Numa manhã de Dezembro, 16 pessoas juntaram-se na cidade de Setúbal para recolher beatas, a última acção de voluntariado de 2017 organizada pelo grupo Feel4Planet. Sandra Protásio foi saber como correu e qual a importância desta iniciativa.

 

A cidade de Setúbal dormita, delonga-se pela manhã de 1 de Dezembro, uma sexta-feira feriado. Passa pouco das 09h30. Junto ao Coreto da Avenida Luísa Todi, ténues raios de sol vão amanhecendo o dia. O ar é cinza gélido e a temperatura marca 7ºC.

O arranhar de quatro rodas plásticas nas pedras da calçada quebra o silêncio matinal. É Carolina a transportar duas grandes caixas de plástico transparente, desde o parque de estacionamento até a um banco de jardim junto ao Coreto. Nestas caixas estão beatas de cigarros, fechadas em sacos de plástico.

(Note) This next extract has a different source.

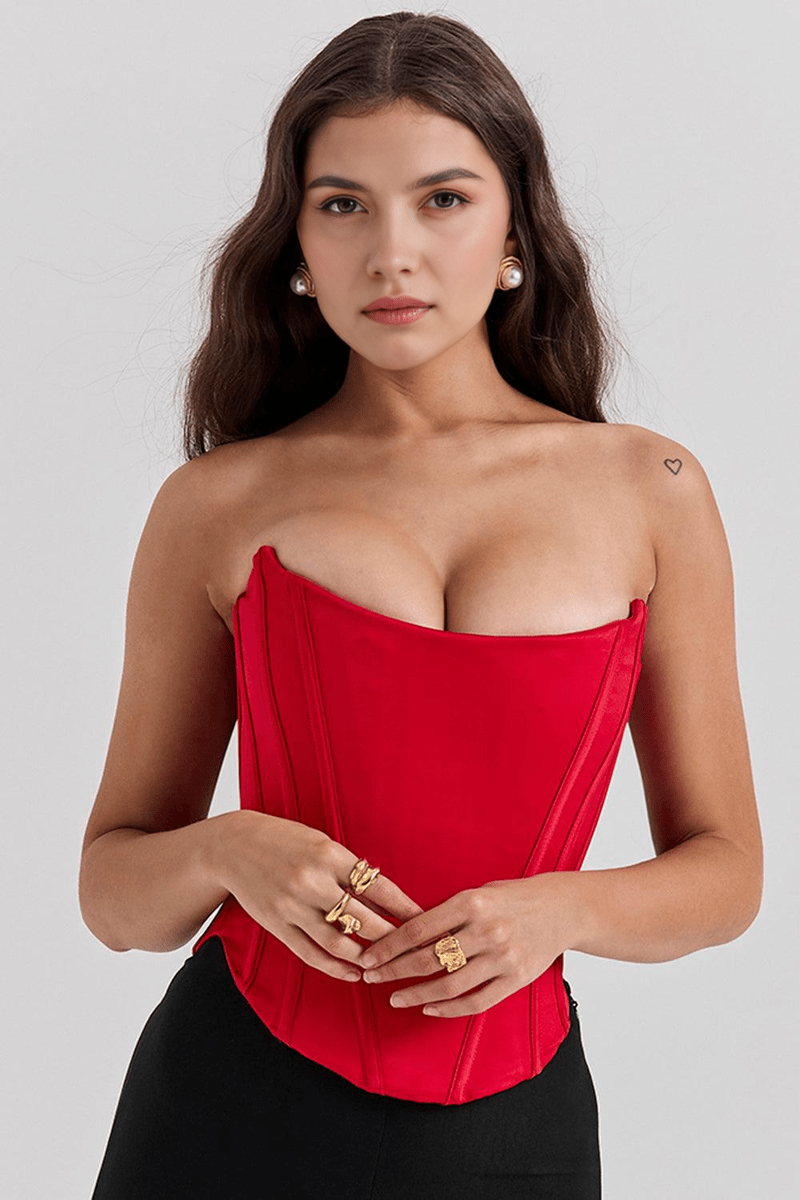 Corsetto Serena da Donna in Rosso | Top Modellante per Appuntamenti e Eventi Eleganti TIAMUSE Corsetto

Minutos depois chegam Vânia, Mafalda e Márcia. Esta abre as duas caixas e despeja as beatas dos sacos directamente nas caixas transparentes, para que fiquem mais visíveis.

As quatro raparigas que formam o grupo têm entre 24 e 25 anos e são de áreas distintas: Carolina é bióloga, Mafalda de Gestão e Administração, Márcia é professora do 1º Ciclo e Vânia tem formação em Ciência Política e Relações Internacionais.

 

As fundadoras da Feel4Planet (Márcia, Carolina, Vânia e Mafalda) com as beatas recolhidas em 9 acções

 

Estão unidas pela amizade e pela vontade de “pôr as mão à obra”, como diz Mafalda. Sabiam que tinham que fazer algo ligado ao Ambiente. A ideia de recolher beatas surgiu quando Vânia e Carolina faziam recolha de lixo noutra associação ambiental e constataram que as beatas ficavam esquecidas. Decidiram investigar.

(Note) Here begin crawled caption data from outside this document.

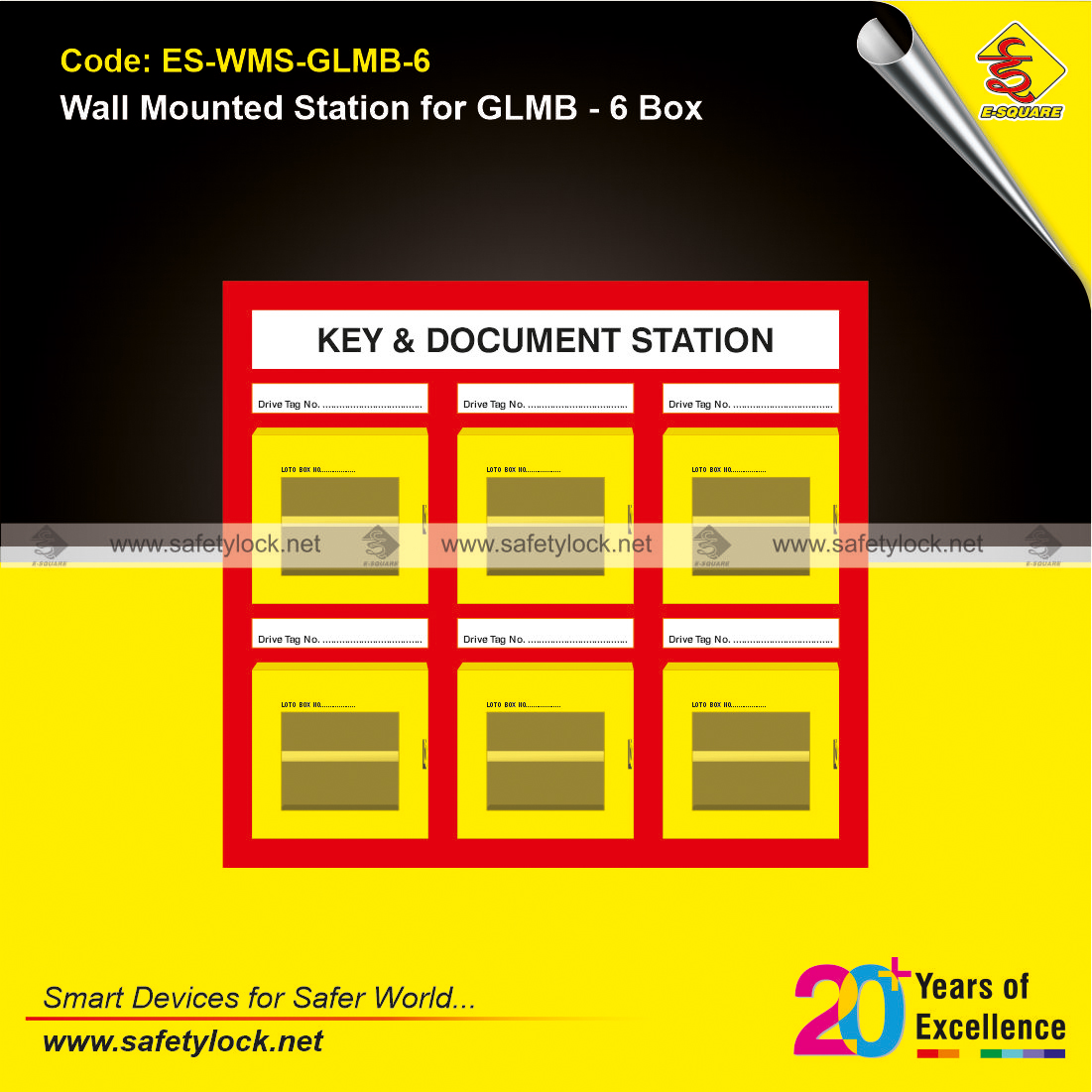 wall mounted station for 6 group lock mini box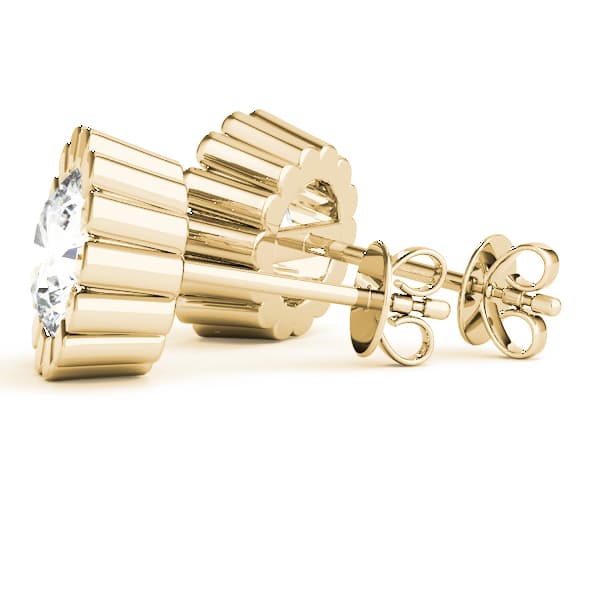 Floral Solitaire Earring Studs (1/2 ct. tw.), Angle view in yellow gold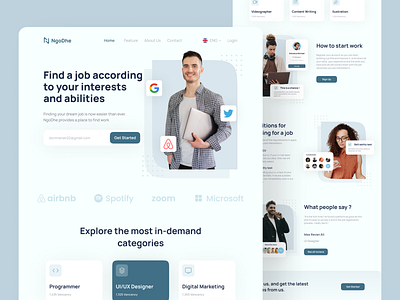 NgoDhe - Job Finder Landing Page branding clean dekstop design header homepage interface job job finder landing landing page minimal ui ui design uiux ux web web design website work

Em Maio avançaram, com o apoio da Experimentáculo, uma associação cultural juvenil de Setúbal, que as desafiou a preparar uma acção para estudantes de intercâmbio. Em 15 minutos apanharam mais de 4.000 beatas num parque de estacionamento de uma pequena praia. Foi aí que souberam: “Tínhamos de continuar com isto”, diz Vânia. Agora contam com o apoio da Câmara Municipal de Setúbal, da Capitania do Porto de Setúbal e da Administração dos Portos de Setúbal e Sesimbra (APSS, SA) nas questões burocráticas. “É preciso ter licenças para limpar nas zonas portuárias, se não tem de se pagar.”

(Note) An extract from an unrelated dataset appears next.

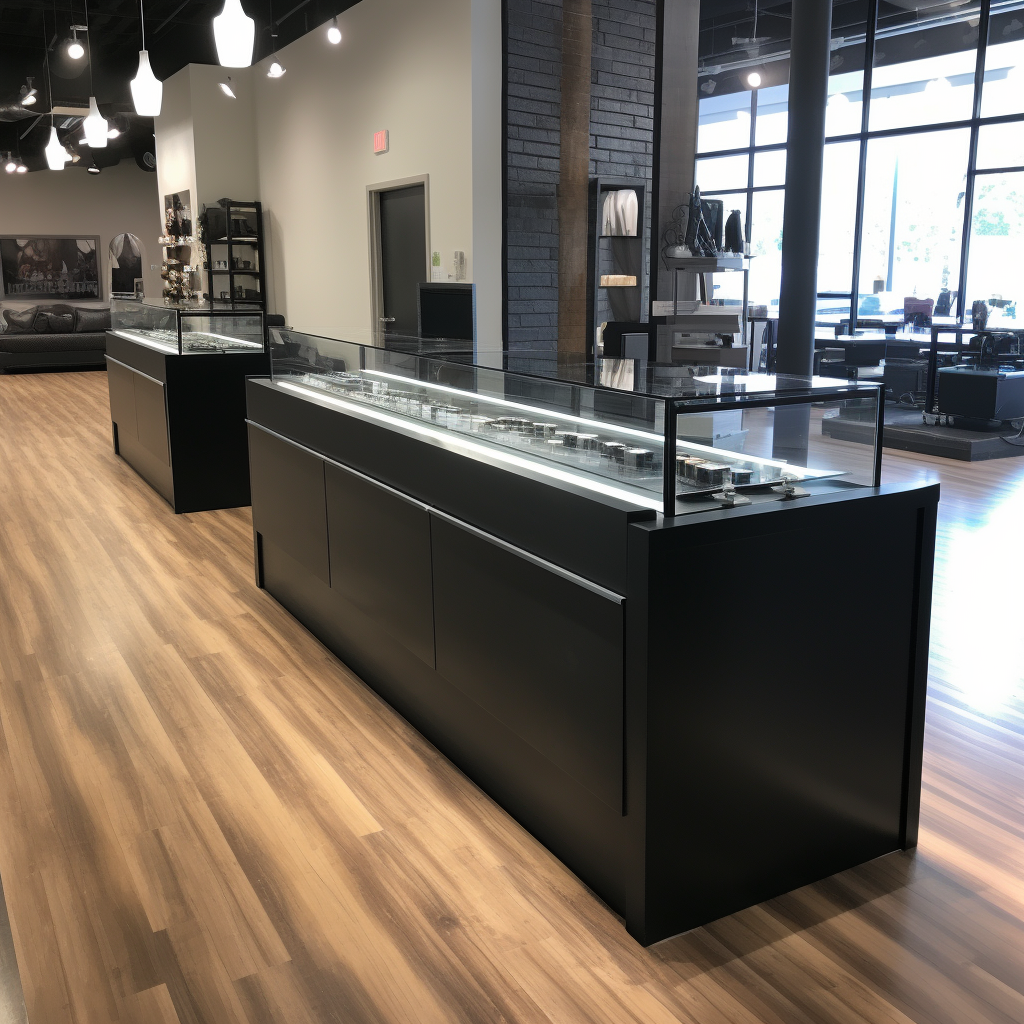 Black retail service counter with full vision display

A recolha de beatas naquele jardim da Baixa de Setúbal está marcada às 09h45. Mas Carolina receia que o frio, o feriado e o local afaste os voluntários. “As acções na praia atraem sempre mais gente.” Enquanto esperam fazem o ponto de situação: um total de 43.138 beatas recolhidas em oito acções, por 118 voluntários e em 10 horas.

Aos poucos vão chegando voluntários. Márcia Vieira vem de Lisboa, trabalha na Associação Bandeira Azul da Europa e conheceu a iniciativa há uma semana, num seminário em Loulé. “Também trabalhamos a questão das beatas. Decidi vir porque é importante estarmos em sintonia e fazer acções conjuntas. Tem mais impacto”, explica.

As organizadoras vão recebendo os voluntários e explicam que cada beata tem cerca de 4.000 tóxicos e demora 10 a 12 anos a degradar-se. Se as condições forem favoráveis podem decompor-se mais depressa. “Mas isso não é melhor, simplesmente quer dizer que os tóxicos foram mais depressa para as nossas águas e solos e consequentemente para a nossa cadeia alimentar”, alerta Carolina.

Distribuem-se luvas e sacos. As organizadoras colocam barretes de Pai Natal e marcam no relógio o início da acção. São 10h26. E de repente estão 16 pessoas de cócoras a vasculhar por entre terra e folhagem morta de Outono. Sente-se o ambiente calmo e o cheiro a rio. Nos canteiros, junto às raízes das árvores, nos espaços entre as pedras da calçada, debaixo dos bancos de jardim, já se sabe onde procurar.

 

Voluntários durante a acção de recolha

 

As beatas confundem-se com pequenos galhos. “Quando se olha parece que não é tanto”, comenta Sara, uma voluntária que trouxe consigo duas cadelas da raça Beagle e um “voluntário à força”, o filho pequeno que vem ainda a esfregar os olhos. “Só fumo de vez em quando, depois de apagar o cigarro ando com a beata na mão até encontrar um caixote do lixo. Acho mais simpático andarmos por zonas limpas”, conta enquanto coloca uma mão cheia de beatas no saco. Sara costuma ir a uma praia onde há um bar, cujos donos têm camaroeiros e mal lá chega vai logo pedir um para limpar a zona à sua volta. “Empreste-me lá um camaroeiro para eu estar entretida”, conta divertida.

 

Hoje “as pessoas preocupam-se mais com a questão do lixo”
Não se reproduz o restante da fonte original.